Au mois de novembre 1895, un journal de Berlin annonça que le professeur Erich Schmidt et le célèbre historien, M. de Treitschke, mort depuis, avaient expulsé à grand fracas quelques dames qui s’étaient permis de paraître à leurs cours ; qu’en procédant à cette exécution, M. de Treitschke avait lâché des paroles vives et malsonnantes. Il se trouva que cette nouvelle était fausse ou n’était qu’à moitié vraie. Cet incident détermina un journaliste, M. Arthur Kirchhoff, à interroger plus de cent professeurs, choisis parmi les plus connus, sur la question de l’admissibilité des femmes aux études universitaires. Il a recueilli leurs réponses écrites dans un volume récemment publié, qui mérite d’être lu[1].

On constate tout d’abord, en parcourant ce recueil, que les purs intransigeans, résolus à ne rien accorder aux femmes, à les débouter sans façons et sans cérémonie de leur requête, sont très rares.

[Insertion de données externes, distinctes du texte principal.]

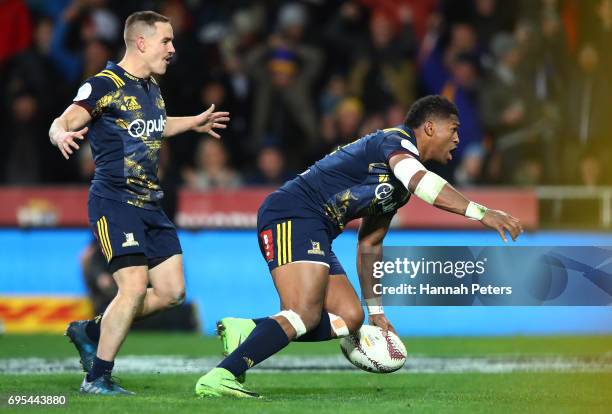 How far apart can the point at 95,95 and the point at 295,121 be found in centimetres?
855

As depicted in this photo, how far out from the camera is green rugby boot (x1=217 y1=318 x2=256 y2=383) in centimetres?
798

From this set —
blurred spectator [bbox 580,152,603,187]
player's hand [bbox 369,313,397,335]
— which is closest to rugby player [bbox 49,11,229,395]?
player's hand [bbox 369,313,397,335]

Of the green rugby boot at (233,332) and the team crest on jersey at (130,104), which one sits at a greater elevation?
the team crest on jersey at (130,104)

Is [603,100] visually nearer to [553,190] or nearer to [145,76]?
[553,190]

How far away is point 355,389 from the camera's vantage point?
28.9 ft

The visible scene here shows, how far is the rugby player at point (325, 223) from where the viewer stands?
7645 mm

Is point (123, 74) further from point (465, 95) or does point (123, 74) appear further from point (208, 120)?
point (465, 95)

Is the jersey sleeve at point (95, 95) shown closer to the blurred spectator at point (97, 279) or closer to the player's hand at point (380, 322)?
the player's hand at point (380, 322)

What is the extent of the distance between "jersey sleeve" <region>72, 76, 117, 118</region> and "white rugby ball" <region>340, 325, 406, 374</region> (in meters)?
2.32

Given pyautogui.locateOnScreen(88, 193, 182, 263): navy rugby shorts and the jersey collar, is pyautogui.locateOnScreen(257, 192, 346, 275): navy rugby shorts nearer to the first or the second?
pyautogui.locateOnScreen(88, 193, 182, 263): navy rugby shorts

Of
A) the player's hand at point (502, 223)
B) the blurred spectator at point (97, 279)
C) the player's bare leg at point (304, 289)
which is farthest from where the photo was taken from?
the blurred spectator at point (97, 279)

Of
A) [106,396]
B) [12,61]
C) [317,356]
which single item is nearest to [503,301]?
[106,396]

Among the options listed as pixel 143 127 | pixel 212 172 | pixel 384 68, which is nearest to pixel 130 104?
pixel 143 127

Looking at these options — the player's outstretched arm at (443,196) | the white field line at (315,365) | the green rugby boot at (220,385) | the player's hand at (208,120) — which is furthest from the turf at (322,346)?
the player's outstretched arm at (443,196) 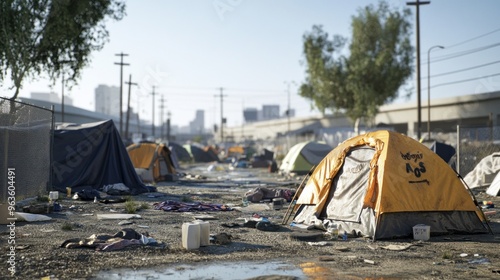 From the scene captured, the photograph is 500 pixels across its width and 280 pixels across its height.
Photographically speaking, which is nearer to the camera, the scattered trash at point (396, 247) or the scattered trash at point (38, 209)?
the scattered trash at point (396, 247)

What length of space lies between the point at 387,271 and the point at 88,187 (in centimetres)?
1427

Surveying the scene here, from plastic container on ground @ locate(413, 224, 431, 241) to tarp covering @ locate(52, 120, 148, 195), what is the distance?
37.5 ft

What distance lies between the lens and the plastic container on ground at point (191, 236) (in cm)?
891

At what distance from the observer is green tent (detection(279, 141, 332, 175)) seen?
1286 inches

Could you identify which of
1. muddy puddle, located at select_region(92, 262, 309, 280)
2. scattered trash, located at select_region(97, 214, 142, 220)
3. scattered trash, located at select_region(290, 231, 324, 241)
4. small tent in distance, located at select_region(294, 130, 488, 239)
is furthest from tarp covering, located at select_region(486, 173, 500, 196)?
muddy puddle, located at select_region(92, 262, 309, 280)

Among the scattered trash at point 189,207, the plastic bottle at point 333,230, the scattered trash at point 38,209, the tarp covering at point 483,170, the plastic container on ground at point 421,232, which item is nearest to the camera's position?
the plastic container on ground at point 421,232

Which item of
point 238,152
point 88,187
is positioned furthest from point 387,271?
point 238,152

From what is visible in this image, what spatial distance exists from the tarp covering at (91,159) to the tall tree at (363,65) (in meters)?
31.2

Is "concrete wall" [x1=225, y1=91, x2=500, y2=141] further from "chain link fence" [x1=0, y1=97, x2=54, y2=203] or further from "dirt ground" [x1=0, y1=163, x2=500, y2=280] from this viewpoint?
"dirt ground" [x1=0, y1=163, x2=500, y2=280]

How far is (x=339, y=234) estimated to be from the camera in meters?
10.4

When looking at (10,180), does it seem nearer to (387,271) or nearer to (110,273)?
(110,273)

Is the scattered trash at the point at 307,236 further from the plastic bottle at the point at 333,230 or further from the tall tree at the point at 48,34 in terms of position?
the tall tree at the point at 48,34

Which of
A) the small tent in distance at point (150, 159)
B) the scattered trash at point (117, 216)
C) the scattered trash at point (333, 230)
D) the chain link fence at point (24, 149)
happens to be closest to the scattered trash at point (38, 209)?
the chain link fence at point (24, 149)

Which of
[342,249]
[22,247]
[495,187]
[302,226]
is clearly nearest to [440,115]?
[495,187] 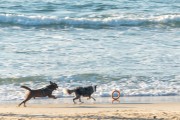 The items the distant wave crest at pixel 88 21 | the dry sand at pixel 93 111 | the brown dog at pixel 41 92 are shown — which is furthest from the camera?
the distant wave crest at pixel 88 21

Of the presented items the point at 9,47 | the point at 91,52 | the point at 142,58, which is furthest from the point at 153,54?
the point at 9,47

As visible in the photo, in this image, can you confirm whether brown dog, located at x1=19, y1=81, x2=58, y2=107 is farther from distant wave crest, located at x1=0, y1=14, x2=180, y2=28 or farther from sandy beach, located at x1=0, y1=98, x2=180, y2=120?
distant wave crest, located at x1=0, y1=14, x2=180, y2=28

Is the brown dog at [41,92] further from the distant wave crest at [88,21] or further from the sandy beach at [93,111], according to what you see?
the distant wave crest at [88,21]

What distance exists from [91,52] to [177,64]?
9.21ft

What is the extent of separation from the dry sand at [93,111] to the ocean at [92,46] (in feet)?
3.49

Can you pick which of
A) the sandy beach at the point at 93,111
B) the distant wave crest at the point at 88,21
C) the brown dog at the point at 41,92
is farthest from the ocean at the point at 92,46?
the sandy beach at the point at 93,111

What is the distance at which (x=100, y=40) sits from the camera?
2073 centimetres

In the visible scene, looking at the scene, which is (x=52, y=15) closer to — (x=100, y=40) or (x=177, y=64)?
(x=100, y=40)

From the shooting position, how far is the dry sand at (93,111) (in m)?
11.2

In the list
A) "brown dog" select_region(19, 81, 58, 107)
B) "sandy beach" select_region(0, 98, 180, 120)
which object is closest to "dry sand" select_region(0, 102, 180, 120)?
"sandy beach" select_region(0, 98, 180, 120)

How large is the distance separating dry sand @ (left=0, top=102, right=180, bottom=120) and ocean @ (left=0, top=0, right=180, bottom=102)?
1.07m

Je n’en vois que fort peu qui refusent nettement d’entrer en composition. À leur tête est un vénérable professeur de philologie à l’université de Gœttingue, M. Ferdinand Wüstenfeld, qui s’exprime en ces termes : « J’aurai bientôt accompli ma quatre-vingt-huitième année et je dois pour vous écrire emprunter le secours d’une main étrangère. Qu’il vous suffise de savoir que je suis absolument opposé à l’admission des femmes dans les études académiques et dans toute profession qui demande une éducation savante ! » À quatre-vingt-huit ans, il est permis d’avoir peu de goût pour les nouveautés, et les femmes pardonneront à ce philologue bourru son arrêt sans appel, qu’il n’a pas pris la peine de motiver. Elles en voudront davantage à un professeur de droit de Berlin, M. Gierke, dont la conclusion est ainsi conçue : « Nous vivons dans des temps sérieux. Le peuple allemand a mieux à faire que de se livrer à des expériences aventureuses sur les études des femmes. Une seule chose nous importe, c’est que nos hommes soient des hommes.

  1. Die akademische Frau, Gutachten hervorragender Universitätsprofessoren, über die Befähigung der Frau zum wissenschaftlichen Studium und Berufe ; Berlin, 1897. Hugo Steinitz Verlag.